--- AIM OF THE TASK ---
Would you retype, word for word, only the lines from the one holding "SD.KFZ 251/10 ausf" through the final line of the entries below, without the pictures?

::::::

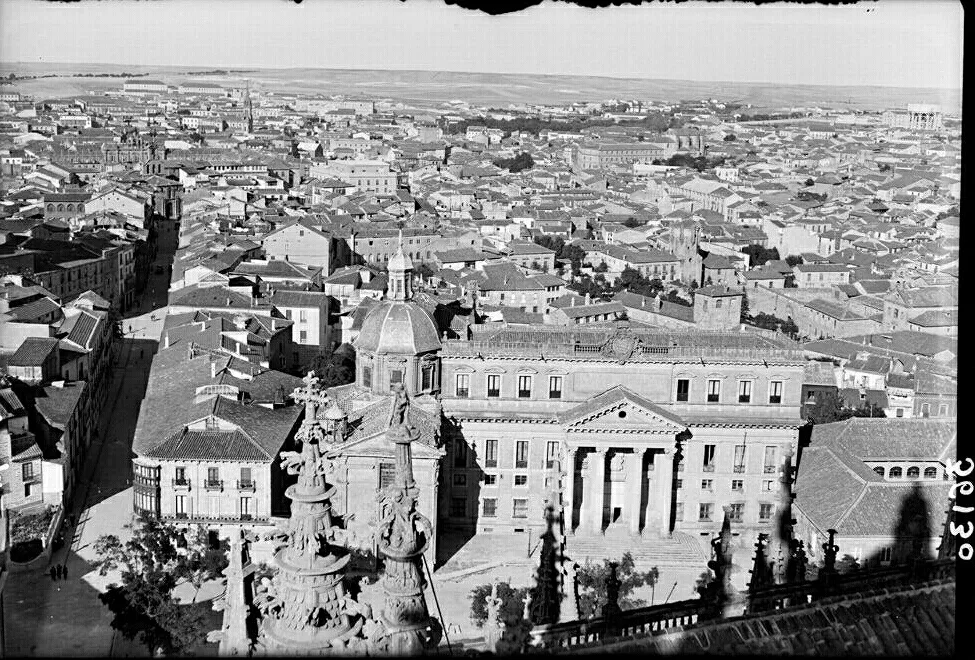 Foto 2 - Salamanca, antigua y monumental desde la c&aacute;mara de Antonio Passaporte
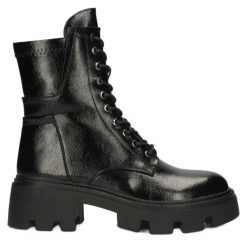 Stylowe Błyszczące Botki Filippo Black czarne. Czarne botki bez wzorów, ze skóry ekologicznej, eleganckie, bez obcasa, na obcasie, bez zapięcia. W wyprzedaży za 142.97 zł.
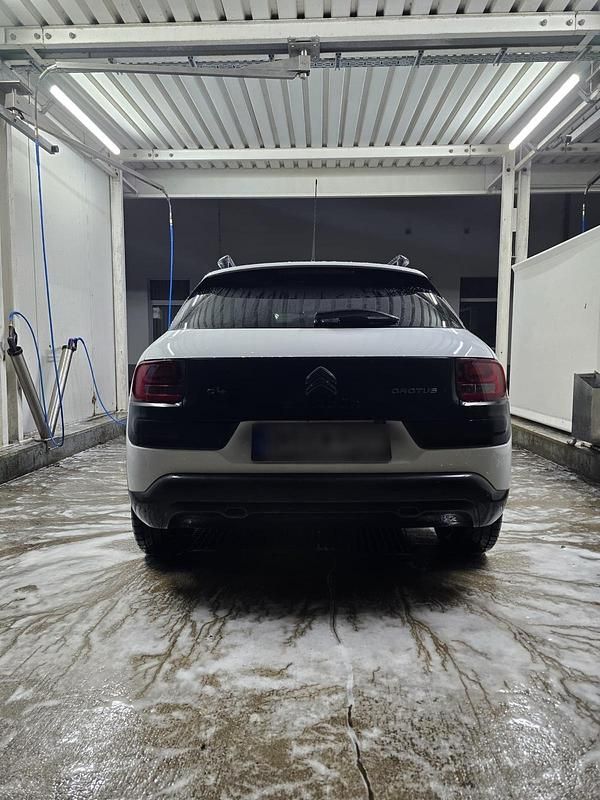 Gebraucht Citroën C4 82 PS (60 kW) 2015 Weiß Limousine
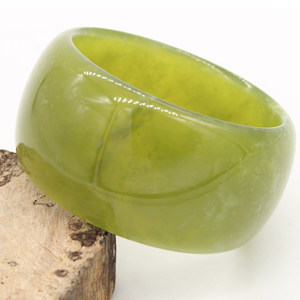 绿色玉石手镯图片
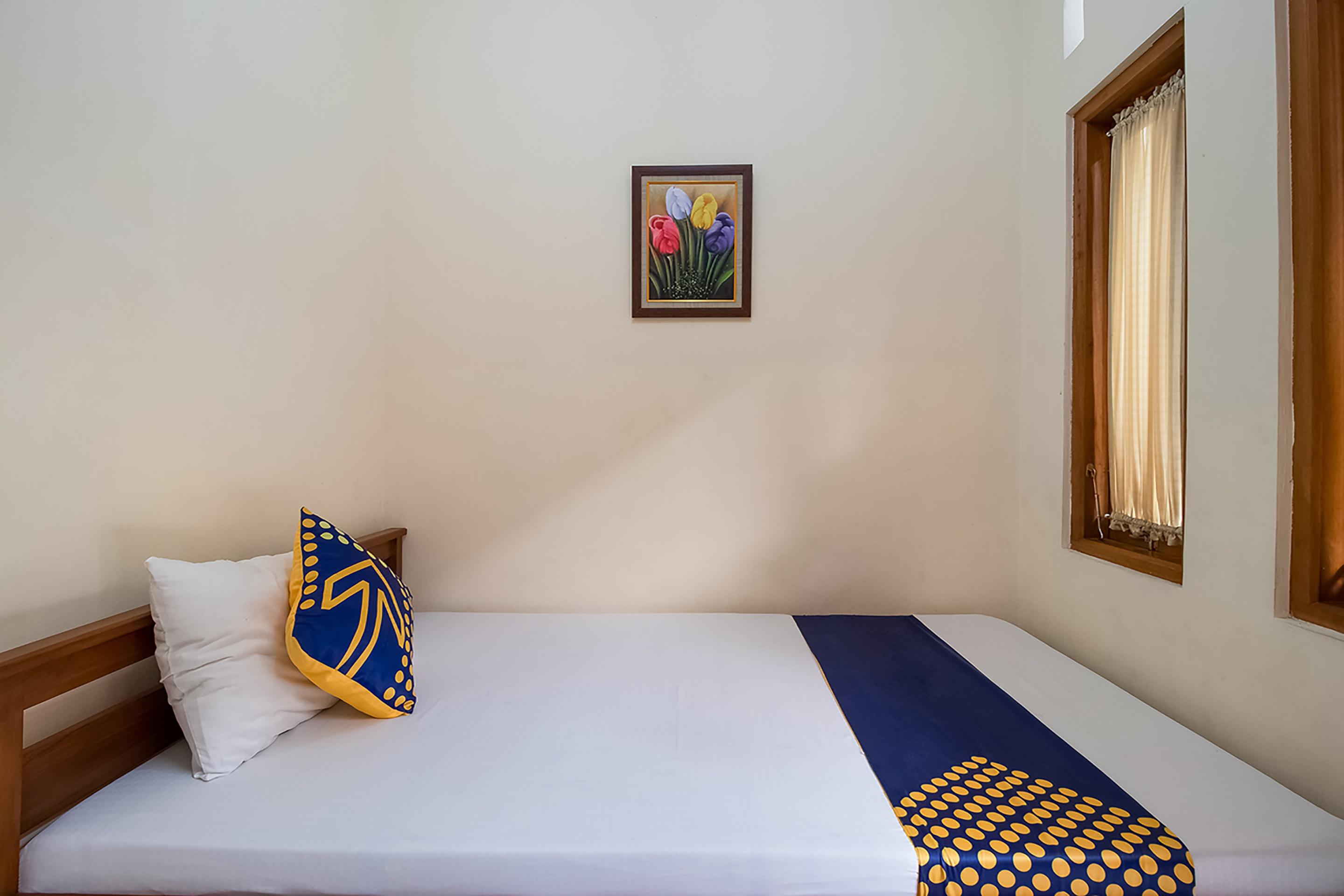 Hotel Reddoorz Near Alun Alun Cianjur Extérieur photo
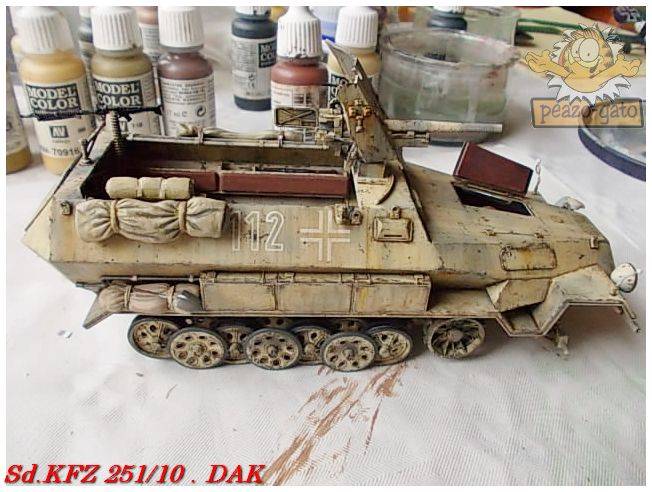 SD.KFZ 251/10 ausf b , DAK (terminado 27-01-13) - Página 2 120SDKFZ251DAKPeazo-Gato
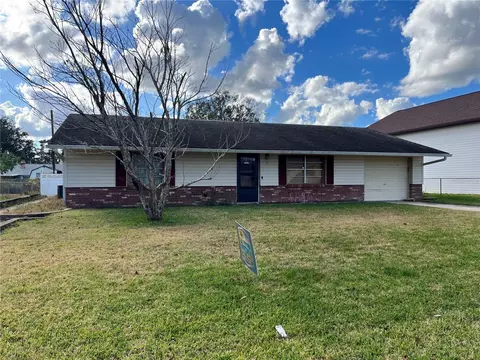 2114 Travelers Palm Dr, Edgewater, FL 32141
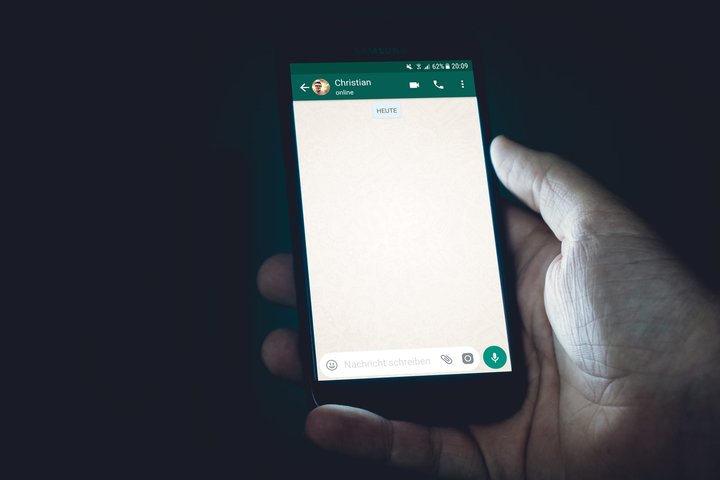 WhatsApp Resmi Rilis Indikator Baru: Kenali Status Online Kontak Lewat Tanda Titik Hijau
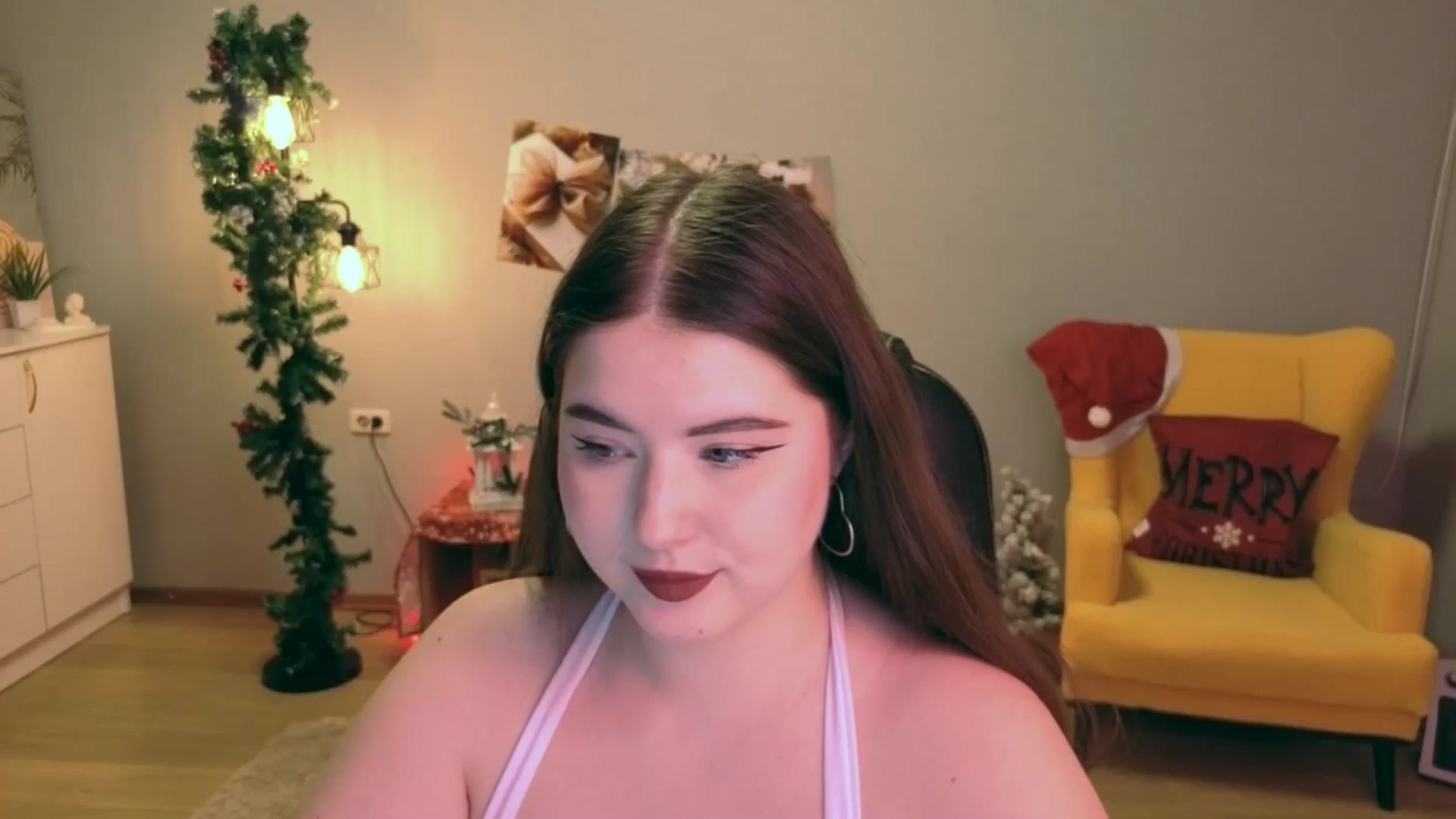 Gallery image thumbnail from EnigmaVeil's myfreecams stream on, 12/25/2025, 21:13 image 15 of 20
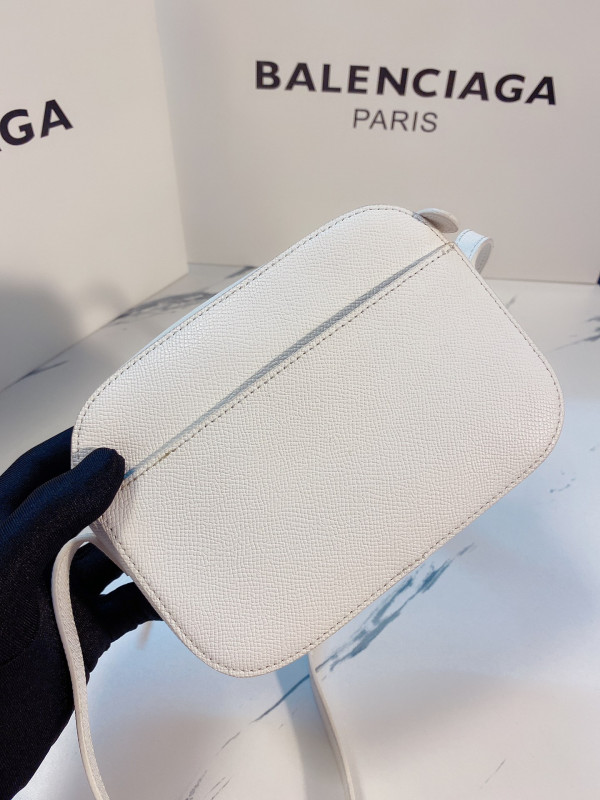 Ba*len*cia*ga everyday camera bag xs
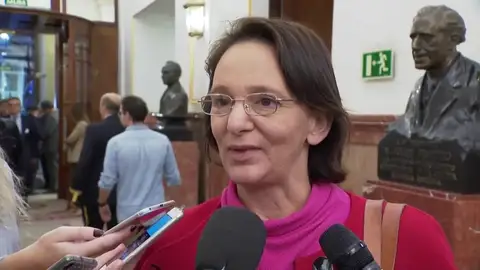 Bescansa: "Me gustaría un Podemos que le hablase más a España y a los españoles y no solo a los independentistas" Bescansa: "Me gustaría un Podemos que le hablase más a España y a los españoles y no solo a los independentistas"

::::::

--- SOLUTION TO THE EXERCISE ---
 SD.KFZ 251/10 ausf b , DAK (terminado 27-01-13) - Página 2 120SDKFZ251DAKPeazo-Gato
 2114 Travelers Palm Dr, Edgewater, FL 32141
 WhatsApp Resmi Rilis Indikator Baru: Kenali Status Online Kontak Lewat Tanda Titik Hijau
 Gallery image thumbnail from EnigmaVeil's myfreecams stream on, 12/25/2025, 21:13 image 15 of 20
 Ba*len*cia*ga everyday camera bag xs
 Bescansa: "Me gustaría un Podemos que le hablase más a España y a los españoles y no solo a los independentistas" Bescansa: "Me gustaría un Podemos que le hablase más a España y a los españoles y no solo a los independentistas"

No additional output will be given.